- [Problem] Reproduce the data exactly. Omit no record.

====== Data extracts

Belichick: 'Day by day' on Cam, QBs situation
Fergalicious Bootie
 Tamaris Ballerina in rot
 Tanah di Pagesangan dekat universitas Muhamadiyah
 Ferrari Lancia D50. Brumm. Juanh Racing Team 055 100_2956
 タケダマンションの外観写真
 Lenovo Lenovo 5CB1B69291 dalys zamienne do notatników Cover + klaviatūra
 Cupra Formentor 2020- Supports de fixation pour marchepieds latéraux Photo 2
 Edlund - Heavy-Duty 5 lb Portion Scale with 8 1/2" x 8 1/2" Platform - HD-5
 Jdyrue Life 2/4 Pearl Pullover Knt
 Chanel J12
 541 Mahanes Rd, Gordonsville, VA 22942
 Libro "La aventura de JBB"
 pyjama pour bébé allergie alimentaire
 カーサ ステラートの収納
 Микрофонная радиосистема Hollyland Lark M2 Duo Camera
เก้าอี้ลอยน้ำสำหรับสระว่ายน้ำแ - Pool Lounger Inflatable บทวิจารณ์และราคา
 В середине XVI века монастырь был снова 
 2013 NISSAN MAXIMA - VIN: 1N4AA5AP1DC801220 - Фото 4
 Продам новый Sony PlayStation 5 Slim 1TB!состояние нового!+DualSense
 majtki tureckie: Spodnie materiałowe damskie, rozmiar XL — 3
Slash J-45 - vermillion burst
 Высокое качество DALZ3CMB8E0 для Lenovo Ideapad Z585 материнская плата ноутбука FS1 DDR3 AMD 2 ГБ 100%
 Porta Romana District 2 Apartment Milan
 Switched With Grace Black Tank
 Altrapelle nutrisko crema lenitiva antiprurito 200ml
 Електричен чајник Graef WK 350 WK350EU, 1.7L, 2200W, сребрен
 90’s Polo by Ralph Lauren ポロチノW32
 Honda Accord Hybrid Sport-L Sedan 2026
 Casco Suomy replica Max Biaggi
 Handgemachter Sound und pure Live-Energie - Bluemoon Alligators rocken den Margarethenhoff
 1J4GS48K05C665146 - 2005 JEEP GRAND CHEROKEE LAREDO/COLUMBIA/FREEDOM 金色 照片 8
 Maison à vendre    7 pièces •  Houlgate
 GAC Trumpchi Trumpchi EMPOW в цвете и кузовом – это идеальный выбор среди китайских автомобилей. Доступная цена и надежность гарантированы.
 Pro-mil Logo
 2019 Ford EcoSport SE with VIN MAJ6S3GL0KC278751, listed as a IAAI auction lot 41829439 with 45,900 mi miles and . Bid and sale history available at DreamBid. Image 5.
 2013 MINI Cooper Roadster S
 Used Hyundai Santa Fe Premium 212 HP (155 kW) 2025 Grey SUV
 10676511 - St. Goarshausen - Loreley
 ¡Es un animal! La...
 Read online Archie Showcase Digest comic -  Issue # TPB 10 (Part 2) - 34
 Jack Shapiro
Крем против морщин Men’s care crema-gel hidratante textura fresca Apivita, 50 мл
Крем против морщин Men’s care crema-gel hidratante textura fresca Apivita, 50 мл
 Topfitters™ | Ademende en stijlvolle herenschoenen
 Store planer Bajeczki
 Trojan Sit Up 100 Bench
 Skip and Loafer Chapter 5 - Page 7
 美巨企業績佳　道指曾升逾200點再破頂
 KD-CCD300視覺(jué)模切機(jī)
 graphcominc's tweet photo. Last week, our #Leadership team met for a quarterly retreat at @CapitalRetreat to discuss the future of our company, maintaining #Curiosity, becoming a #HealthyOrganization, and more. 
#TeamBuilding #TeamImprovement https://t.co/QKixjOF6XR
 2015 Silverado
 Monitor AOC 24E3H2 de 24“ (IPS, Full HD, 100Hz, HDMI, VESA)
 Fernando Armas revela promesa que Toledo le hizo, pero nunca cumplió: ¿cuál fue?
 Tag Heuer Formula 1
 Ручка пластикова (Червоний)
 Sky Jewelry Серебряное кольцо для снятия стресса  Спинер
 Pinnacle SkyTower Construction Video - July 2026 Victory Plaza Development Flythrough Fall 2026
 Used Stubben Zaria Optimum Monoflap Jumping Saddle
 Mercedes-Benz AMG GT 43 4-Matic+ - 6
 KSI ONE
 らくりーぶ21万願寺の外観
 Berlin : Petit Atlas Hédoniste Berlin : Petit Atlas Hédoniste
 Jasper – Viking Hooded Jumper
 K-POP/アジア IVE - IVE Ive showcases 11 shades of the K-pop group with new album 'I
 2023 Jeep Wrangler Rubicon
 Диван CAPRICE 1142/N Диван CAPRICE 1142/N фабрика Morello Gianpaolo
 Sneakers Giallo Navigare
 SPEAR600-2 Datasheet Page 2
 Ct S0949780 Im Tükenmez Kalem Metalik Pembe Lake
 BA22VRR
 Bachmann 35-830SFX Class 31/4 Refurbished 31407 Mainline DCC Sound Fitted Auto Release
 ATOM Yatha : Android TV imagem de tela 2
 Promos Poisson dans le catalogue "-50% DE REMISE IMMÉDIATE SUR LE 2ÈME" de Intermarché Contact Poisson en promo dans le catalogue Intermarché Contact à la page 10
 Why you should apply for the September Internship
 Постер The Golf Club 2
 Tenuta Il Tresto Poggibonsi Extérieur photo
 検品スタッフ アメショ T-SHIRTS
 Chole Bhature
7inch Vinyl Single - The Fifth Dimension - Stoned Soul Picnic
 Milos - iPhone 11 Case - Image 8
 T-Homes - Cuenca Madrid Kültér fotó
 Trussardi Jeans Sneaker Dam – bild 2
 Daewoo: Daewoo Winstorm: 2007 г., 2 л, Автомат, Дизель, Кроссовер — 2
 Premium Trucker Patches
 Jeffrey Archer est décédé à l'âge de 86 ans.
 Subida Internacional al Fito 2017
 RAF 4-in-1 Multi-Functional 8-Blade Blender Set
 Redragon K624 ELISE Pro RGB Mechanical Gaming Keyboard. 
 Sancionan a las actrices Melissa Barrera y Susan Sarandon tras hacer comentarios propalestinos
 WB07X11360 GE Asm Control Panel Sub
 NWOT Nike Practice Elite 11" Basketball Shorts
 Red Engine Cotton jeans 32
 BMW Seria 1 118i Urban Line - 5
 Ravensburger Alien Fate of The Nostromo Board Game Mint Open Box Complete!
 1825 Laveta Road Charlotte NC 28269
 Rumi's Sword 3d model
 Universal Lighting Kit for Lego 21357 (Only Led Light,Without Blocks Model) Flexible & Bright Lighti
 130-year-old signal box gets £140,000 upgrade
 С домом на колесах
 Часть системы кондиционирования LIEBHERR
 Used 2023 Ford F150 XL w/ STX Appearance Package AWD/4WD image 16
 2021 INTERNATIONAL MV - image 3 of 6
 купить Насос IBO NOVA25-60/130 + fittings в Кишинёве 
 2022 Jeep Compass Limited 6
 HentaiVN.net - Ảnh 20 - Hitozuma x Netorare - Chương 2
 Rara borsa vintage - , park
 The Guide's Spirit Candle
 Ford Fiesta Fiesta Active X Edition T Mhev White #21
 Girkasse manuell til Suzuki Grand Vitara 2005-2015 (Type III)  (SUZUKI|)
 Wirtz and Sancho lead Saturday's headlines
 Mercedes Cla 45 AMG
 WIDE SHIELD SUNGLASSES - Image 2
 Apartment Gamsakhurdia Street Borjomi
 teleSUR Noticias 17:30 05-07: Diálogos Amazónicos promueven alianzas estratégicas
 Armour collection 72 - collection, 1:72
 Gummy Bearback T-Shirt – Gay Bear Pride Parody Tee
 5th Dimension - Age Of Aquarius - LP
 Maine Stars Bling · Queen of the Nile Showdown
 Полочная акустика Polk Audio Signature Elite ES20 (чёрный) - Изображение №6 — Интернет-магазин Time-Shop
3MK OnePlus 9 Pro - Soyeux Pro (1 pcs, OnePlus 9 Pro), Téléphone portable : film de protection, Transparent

============

- [Exercise response]
Belichick: 'Day by day' on Cam, QBs situation
Fergalicious Bootie
 Tamaris Ballerina in rot
 Tanah di Pagesangan dekat universitas Muhamadiyah
 Ferrari Lancia D50. Brumm. Juanh Racing Team 055 100_2956
 タケダマンションの外観写真
 Lenovo Lenovo 5CB1B69291 dalys zamienne do notatników Cover + klaviatūra
 Cupra Formentor 2020- Supports de fixation pour marchepieds latéraux Photo 2
 Edlund - Heavy-Duty 5 lb Portion Scale with 8 1/2" x 8 1/2" Platform - HD-5
 Jdyrue Life 2/4 Pearl Pullover Knt
 Chanel J12
 541 Mahanes Rd, Gordonsville, VA 22942
 Libro "La aventura de JBB"
 pyjama pour bébé allergie alimentaire
 カーサ ステラートの収納
 Микрофонная радиосистема Hollyland Lark M2 Duo Camera
เก้าอี้ลอยน้ำสำหรับสระว่ายน้ำแ - Pool Lounger Inflatable บทวิจารณ์และราคา
 В середине XVI века монастырь был снова 
 2013 NISSAN MAXIMA - VIN: 1N4AA5AP1DC801220 - Фото 4
 Продам новый Sony PlayStation 5 Slim 1TB!состояние нового!+DualSense
 majtki tureckie: Spodnie materiałowe damskie, rozmiar XL — 3
Slash J-45 - vermillion burst
 Высокое качество DALZ3CMB8E0 для Lenovo Ideapad Z585 материнская плата ноутбука FS1 DDR3 AMD 2 ГБ 100%
 Porta Romana District 2 Apartment Milan
 Switched With Grace Black Tank
 Altrapelle nutrisko crema lenitiva antiprurito 200ml
 Електричен чајник Graef WK 350 WK350EU, 1.7L, 2200W, сребрен
 90’s Polo by Ralph Lauren ポロチノW32
 Honda Accord Hybrid Sport-L Sedan 2026
 Casco Suomy replica Max Biaggi
 Handgemachter Sound und pure Live-Energie - Bluemoon Alligators rocken den Margarethenhoff
 1J4GS48K05C665146 - 2005 JEEP GRAND CHEROKEE LAREDO/COLUMBIA/FREEDOM 金色 照片 8
 Maison à vendre    7 pièces •  Houlgate
 GAC Trumpchi Trumpchi EMPOW в цвете и кузовом – это идеальный выбор среди китайских автомобилей. Доступная цена и надежность гарантированы.
 Pro-mil Logo
 2019 Ford EcoSport SE with VIN MAJ6S3GL0KC278751, listed as a IAAI auction lot 41829439 with 45,900 mi miles and . Bid and sale history available at DreamBid. Image 5.
 2013 MINI Cooper Roadster S
 Used Hyundai Santa Fe Premium 212 HP (155 kW) 2025 Grey SUV
 10676511 - St. Goarshausen - Loreley
 ¡Es un animal! La...
 Read online Archie Showcase Digest comic -  Issue # TPB 10 (Part 2) - 34
 Jack Shapiro
Крем против морщин Men’s care crema-gel hidratante textura fresca Apivita, 50 мл
Крем против морщин Men’s care crema-gel hidratante textura fresca Apivita, 50 мл
 Topfitters™ | Ademende en stijlvolle herenschoenen
 Store planer Bajeczki
 Trojan Sit Up 100 Bench
 Skip and Loafer Chapter 5 - Page 7
 美巨企業績佳　道指曾升逾200點再破頂
 KD-CCD300視覺(jué)模切機(jī)
 graphcominc's tweet photo. Last week, our #Leadership team met for a quarterly retreat at @CapitalRetreat to discuss the future of our company, maintaining #Curiosity, becoming a #HealthyOrganization, and more. 
#TeamBuilding #TeamImprovement https://t.co/QKixjOF6XR
 2015 Silverado
 Monitor AOC 24E3H2 de 24“ (IPS, Full HD, 100Hz, HDMI, VESA)
 Fernando Armas revela promesa que Toledo le hizo, pero nunca cumplió: ¿cuál fue?
 Tag Heuer Formula 1
 Ручка пластикова (Червоний)
 Sky Jewelry Серебряное кольцо для снятия стресса  Спинер
 Pinnacle SkyTower Construction Video - July 2026 Victory Plaza Development Flythrough Fall 2026
 Used Stubben Zaria Optimum Monoflap Jumping Saddle
 Mercedes-Benz AMG GT 43 4-Matic+ - 6
 KSI ONE
 らくりーぶ21万願寺の外観
 Berlin : Petit Atlas Hédoniste Berlin : Petit Atlas Hédoniste
 Jasper – Viking Hooded Jumper
 K-POP/アジア IVE - IVE Ive showcases 11 shades of the K-pop group with new album 'I
 2023 Jeep Wrangler Rubicon
 Диван CAPRICE 1142/N Диван CAPRICE 1142/N фабрика Morello Gianpaolo
 Sneakers Giallo Navigare
 SPEAR600-2 Datasheet Page 2
 Ct S0949780 Im Tükenmez Kalem Metalik Pembe Lake
 BA22VRR
 Bachmann 35-830SFX Class 31/4 Refurbished 31407 Mainline DCC Sound Fitted Auto Release
 ATOM Yatha : Android TV imagem de tela 2
 Promos Poisson dans le catalogue "-50% DE REMISE IMMÉDIATE SUR LE 2ÈME" de Intermarché Contact Poisson en promo dans le catalogue Intermarché Contact à la page 10
 Why you should apply for the September Internship
 Постер The Golf Club 2
 Tenuta Il Tresto Poggibonsi Extérieur photo
 検品スタッフ アメショ T-SHIRTS
 Chole Bhature
7inch Vinyl Single - The Fifth Dimension - Stoned Soul Picnic
 Milos - iPhone 11 Case - Image 8
 T-Homes - Cuenca Madrid Kültér fotó
 Trussardi Jeans Sneaker Dam – bild 2
 Daewoo: Daewoo Winstorm: 2007 г., 2 л, Автомат, Дизель, Кроссовер — 2
 Premium Trucker Patches
 Jeffrey Archer est décédé à l'âge de 86 ans.
 Subida Internacional al Fito 2017
 RAF 4-in-1 Multi-Functional 8-Blade Blender Set
 Redragon K624 ELISE Pro RGB Mechanical Gaming Keyboard. 
 Sancionan a las actrices Melissa Barrera y Susan Sarandon tras hacer comentarios propalestinos
 WB07X11360 GE Asm Control Panel Sub
 NWOT Nike Practice Elite 11" Basketball Shorts
 Red Engine Cotton jeans 32
 BMW Seria 1 118i Urban Line - 5
 Ravensburger Alien Fate of The Nostromo Board Game Mint Open Box Complete!
 1825 Laveta Road Charlotte NC 28269
 Rumi's Sword 3d model
 Universal Lighting Kit for Lego 21357 (Only Led Light,Without Blocks Model) Flexible & Bright Lighti
 130-year-old signal box gets £140,000 upgrade
 С домом на колесах
 Часть системы кондиционирования LIEBHERR
 Used 2023 Ford F150 XL w/ STX Appearance Package AWD/4WD image 16
 2021 INTERNATIONAL MV - image 3 of 6
 купить Насос IBO NOVA25-60/130 + fittings в Кишинёве 
 2022 Jeep Compass Limited 6
 HentaiVN.net - Ảnh 20 - Hitozuma x Netorare - Chương 2
 Rara borsa vintage - , park
 The Guide's Spirit Candle
 Ford Fiesta Fiesta Active X Edition T Mhev White #21
 Girkasse manuell til Suzuki Grand Vitara 2005-2015 (Type III)  (SUZUKI|)
 Wirtz and Sancho lead Saturday's headlines
 Mercedes Cla 45 AMG
 WIDE SHIELD SUNGLASSES - Image 2
 Apartment Gamsakhurdia Street Borjomi
 teleSUR Noticias 17:30 05-07: Diálogos Amazónicos promueven alianzas estratégicas
 Armour collection 72 - collection, 1:72
 Gummy Bearback T-Shirt – Gay Bear Pride Parody Tee
 5th Dimension - Age Of Aquarius - LP
 Maine Stars Bling · Queen of the Nile Showdown
 Полочная акустика Polk Audio Signature Elite ES20 (чёрный) - Изображение №6 — Интернет-магазин Time-Shop
3MK OnePlus 9 Pro - Soyeux Pro (1 pcs, OnePlus 9 Pro), Téléphone portable : film de protection, Transparent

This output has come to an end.